BEGIN

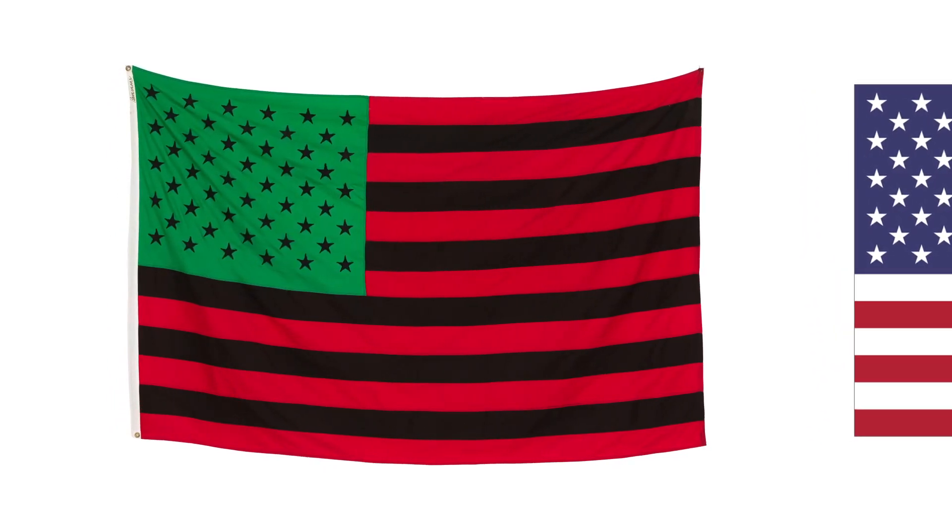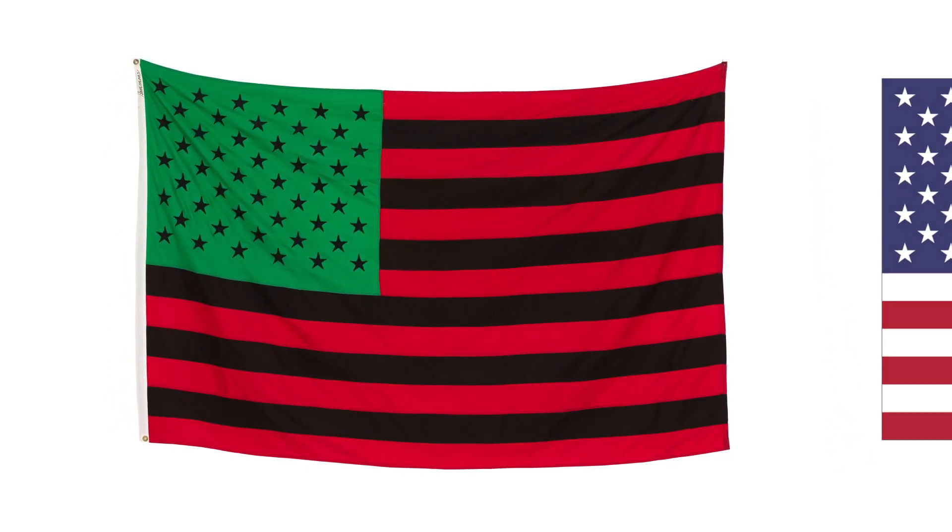What makes African American Flag so great is that through the seemingly simple move of changing the colors and adding a single word, Hammons' work challenges us to confront the symbol of the flag, the ideals it's supposed to represent, and how far we are from achieving them. Thank you so much for listening.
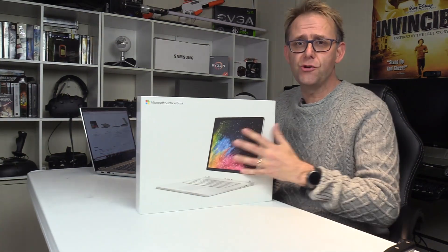Hi, Stephen from Owner Disown, and the moment has arrived — the Surface Book 2 is here.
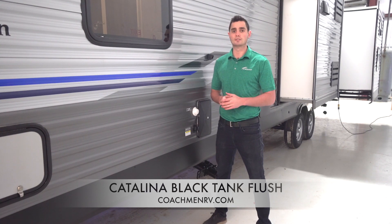There are generally two ways to maintain your Black Tank: traditionally and with the Black Tank Flush. Today I'm going to explain both of these techniques, and by the end you'll be able to see why the Black Tank Flush is a must-have feature when looking for your new travel trailer.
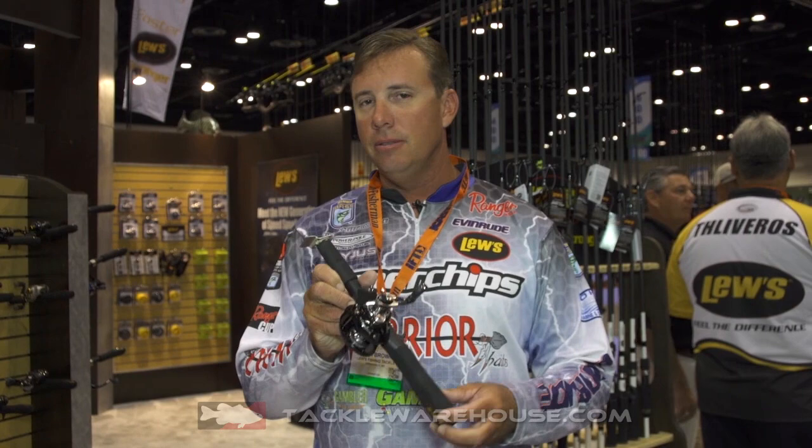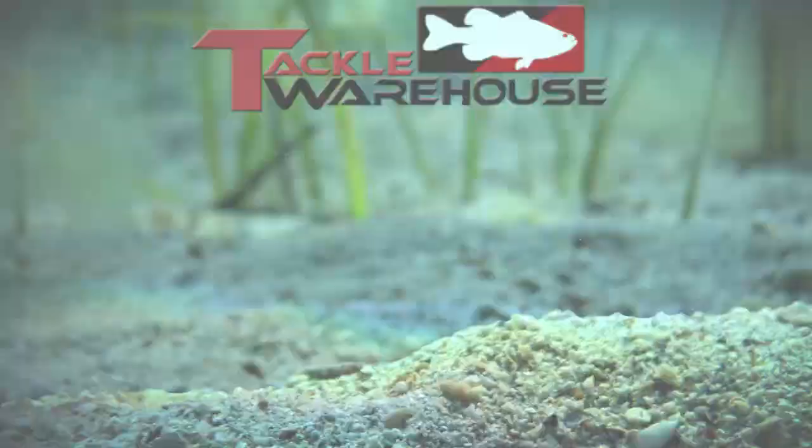It's just a reel that is phenomenal. Check them out — $179.99 price point. It's a reel you'll have for a long time. You can pre-order these today on TackleWarehouse.com.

END

:: WHAT THE TASK REQUIRES ::
The pictures stay out; copy the rest of the data word for word.

:: ANSWER SECTION ::
What makes African American Flag so great is that through the seemingly simple move of changing the colors and adding a single word, Hammons' work challenges us to confront the symbol of the flag, the ideals it's supposed to represent, and how far we are from achieving them. Thank you so much for listening.
Hi, Stephen from Owner Disown, and the moment has arrived — the Surface Book 2 is here.
There are generally two ways to maintain your Black Tank: traditionally and with the Black Tank Flush. Today I'm going to explain both of these techniques, and by the end you'll be able to see why the Black Tank Flush is a must-have feature when looking for your new travel trailer.
It's just a reel that is phenomenal. Check them out — $179.99 price point. It's a reel you'll have for a long time. You can pre-order these today on TackleWarehouse.com.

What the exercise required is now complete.